Western judiciaries on trial

Western judiciaries are themselves on trial: The world is watching to see how meaningfully and how expeditiously the courts of Europe handle these matters . . .

However, a number of general substantive points can be made concerning the Georgias cases.
The litigant, a Zimbabwean industrialist now serving as a Deputy Minister in the Government of President Robert G. Mugabe, was accused by the British immigration authorities of being “among persons who were engaged in activities that seriously undermine democracy, respect for human rights and the rule of law in Zimbabwe”.

No evidence was cited to support this allegation.  
Indeed, the British authorities  conceded later on that there was no evidence whatsoever that Georgias was engaged personally in such activities.

The main charge against him would appear to have been merely that he was a member of President Mugabe’s Government.
This was seen to be adequate reason for Georgias, an elderly man with major health challenges, to be harassed, harangued and abused at Heathrow airport.  
So far, the British justice system has tragically refused to deal with the fundamental injustice meted out at Heathrow airport: all this in the name presumably of “democracy, human rights and the rule of law”!

Whenever Western governments purport to invoke the high rhetoric of human rights to justify otherwise unsupported foreign policy actions, one is reminded how in the past Christianity was cited by Westerners as the rationale for murdering, enslaving and dispossessing the benighted black, brown and yellow masses of the developing world.

There appears to exist a troubling symbiosis between Western governments and the human rights movement. 
The United States is a case in point.

The United States is often hailed as a potent force for human rights in the world, and African campaigners for democracy and justice often look up to Washington DC for support to resist impunity in their own countries.

It would indeed be difficult meaningfully to discuss human rights, democracy and the rule of law without making some reference to American precedents, writings or practices.
Yet several historians and foreign policy analysts in the US itself have been voicing cogent critiques of the US government in this regard.

Drawing on thousands of declassified documents from the CIA, the National Security Council, the Pentagon, and development agencies, these scholars are showing in blunt detail how Washington’s “security managers” have fashioned human rights into a potent propaganda tool for purposes having little to do with human rights – and everything to do with advancing America’s global reach.

During the Cold War, human rights were dismissed by Washington as “fuzzy minded”.
After the Vietnam war, human rights were cynically adopted in a calculated way as a rationale for US foreign policy engagement.
If one considers such milestones as the fight for Soviet dissidents, Tianianmen Square, and today’s “War on Terror”, one can see exposed how the human rights movement has all too often failed to challenge Washington’s strategies and has instead been exploited for political advantage.

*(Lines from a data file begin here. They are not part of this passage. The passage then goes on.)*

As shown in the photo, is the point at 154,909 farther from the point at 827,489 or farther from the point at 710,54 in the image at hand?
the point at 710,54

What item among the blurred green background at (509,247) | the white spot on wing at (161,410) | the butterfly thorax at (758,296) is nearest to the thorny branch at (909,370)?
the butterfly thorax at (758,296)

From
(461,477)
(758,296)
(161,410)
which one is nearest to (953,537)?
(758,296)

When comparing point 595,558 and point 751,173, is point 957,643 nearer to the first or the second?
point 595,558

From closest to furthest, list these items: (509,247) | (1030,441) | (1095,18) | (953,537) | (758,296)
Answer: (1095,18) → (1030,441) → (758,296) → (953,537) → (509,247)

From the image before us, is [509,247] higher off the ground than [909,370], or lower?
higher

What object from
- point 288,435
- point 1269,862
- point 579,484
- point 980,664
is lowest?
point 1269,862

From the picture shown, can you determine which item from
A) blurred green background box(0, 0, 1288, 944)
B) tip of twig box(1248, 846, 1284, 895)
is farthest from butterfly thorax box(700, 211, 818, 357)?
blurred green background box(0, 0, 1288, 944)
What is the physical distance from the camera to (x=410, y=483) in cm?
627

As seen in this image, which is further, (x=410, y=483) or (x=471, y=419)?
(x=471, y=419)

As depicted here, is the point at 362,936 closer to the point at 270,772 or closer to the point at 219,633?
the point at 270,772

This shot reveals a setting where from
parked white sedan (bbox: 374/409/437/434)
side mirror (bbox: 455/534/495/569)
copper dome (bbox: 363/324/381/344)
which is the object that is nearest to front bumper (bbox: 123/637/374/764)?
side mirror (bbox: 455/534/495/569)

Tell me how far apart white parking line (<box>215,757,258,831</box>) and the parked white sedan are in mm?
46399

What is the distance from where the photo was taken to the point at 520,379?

The mantra of “rule of law” has likewise been exploited to promote geo-political objectives having nothing to do with justice.
For example, when Britain was forced to acknowledge the political independence of erstwhile colonial possessions in Africa, such as Zimbabwe, Kenya etc, independence constitutions were cunningly crafted in Whitehall to make it possible for political control to continue to be exercised by London in the guise of judicial independence.

The worthwhile doctrine of judicial independence was cynically co-opted and subverted by Whitehall so as to do the unfinished business of Empire, and in a bid to defeat African independence.

The people of Africa still endure many human rights abuses such as poverty, political impunity, corruption, war etc.
Those people in Africa who desire to fight these abuses should mobilise support primarily from the victims themselves.

Outside the borders of Africa, there are many well-meaning individuals, including some in the West, who may be able to assist the people of Africa in this regard.
The major pitfall to be avoided however is placing exclusive reliance on the support of Western governments or on their formal institutions.

In this regard, one gains the sense that Georgias would have fared better in the courts of Europe had he somehow found a way to enlist the mass support of the people of Zimbabwe, and had he found ways to appeal directly to the conscience of the people of Europe in general and Britain in particular.

As it is, the Georgias cases are too confined to official or professional corridors.
As such, they are vulnerable to manipulation by the hidden hands of the ghosts of the British empire.